Before he broke through as a novelist, a twenty-something Hemingway worked as a staff writer for the Toronto Star Weekly, and penned this non-fiction piece for the paper in 1920. In it, he shares his well-earned advice for old fashioned camping, including the very best way to fry trout.
“Camping Out”
By Ernest Hemingway
Thousands of people will go into the bush this summer to cut the high cost of living. A man who gets his two weeks’ salary while he is on vacation should be able to put those two weeks in fishing and camping and be able to save one week’s salary clear. He ought to be able to sleep comfortably every night, to eat well every day and to return to the city rested and in good condition.
But if he goes into the woods with a frying pan, an ignorance of black flies and mosquitoes, and a great and abiding lack of knowledge about cookery, the chances are that his return will be very different. He will come back with enough mosquito bites to make the back of his neck look like a relief map of the Caucasus. His digestion will be wrecked after a valiant battle to assimilate half-cooked or charred grub. And he won’t have had a decent night’s sleep while he has been gone.

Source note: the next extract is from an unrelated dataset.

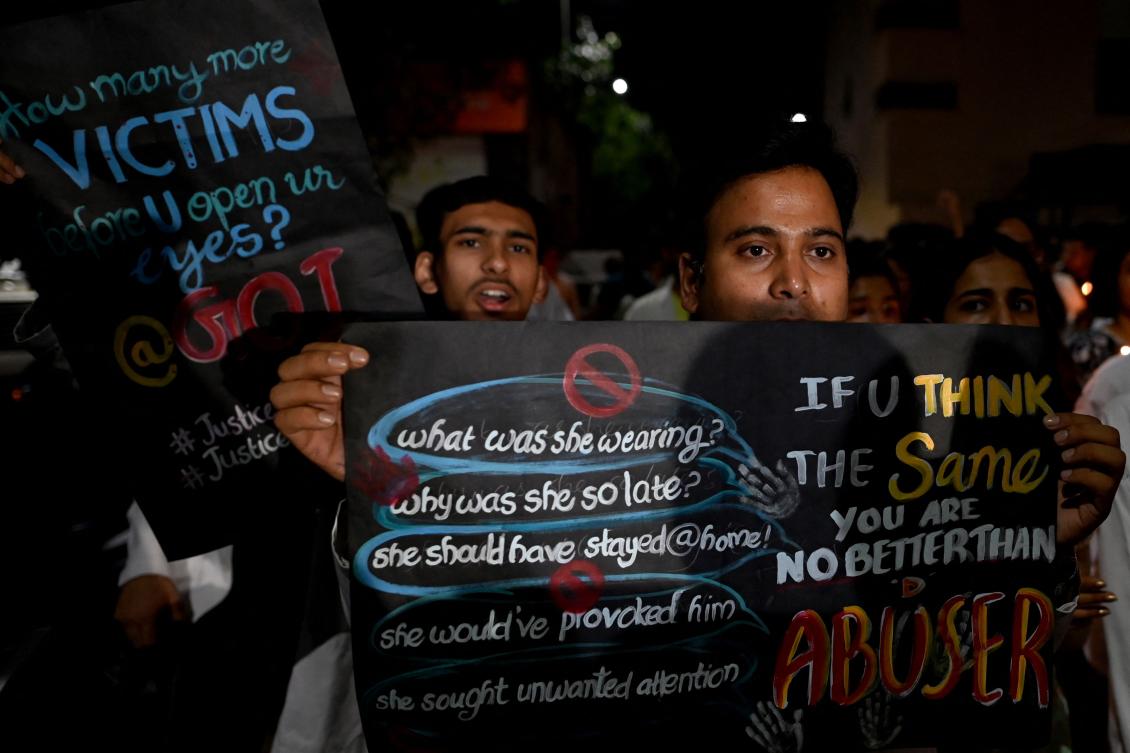 Medical professionals hold placards during a candlelight protest against the rape and murder of a doctor in India’s West Bengal state, in New Delhi, on September 4, 2024. (AFP)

He will solemnly raise his right hand and inform you that he has joined the grand army of never-agains. The call of the wild may be all right, but it’s a dog’s life. He’s heard the call of the tame with both ears. Waiter, bring him an order of milk toast.
In the first place, he overlooked the insects. Black flies, no-see-ums, deer flies, gnats and mosquitoes were instituted by the devil to force people to live in cities where he could get at them better. If it weren’t for them everybody would live in the bush and he would be out of work. It was a rather successful invention.
But there are lots of dopes that will counteract the pests. The simplest perhaps is oil of citronella. Two bits’ worth of this purchased at any pharmacist’s will be enough to last for two weeks in the worst fly and mosquito-ridden country.
Rub a little on the back of your neck, your forehead, and your wrists before you start fishing, and the blacks and skeeters will shun you. The odor of citronella is not offensive to people. It smells like gun oil. But the bugs do hate it.
Oil of pennyroyal and eucalyptol are also much hated by mosquitoes, and with citronella, they form the basis for many proprietary preparations. But it is cheaper and better to buy the straight citronella. Put a little on the mosquito netting that covers the front of your pup tent or canoe tent at night, and you won’t be bothered.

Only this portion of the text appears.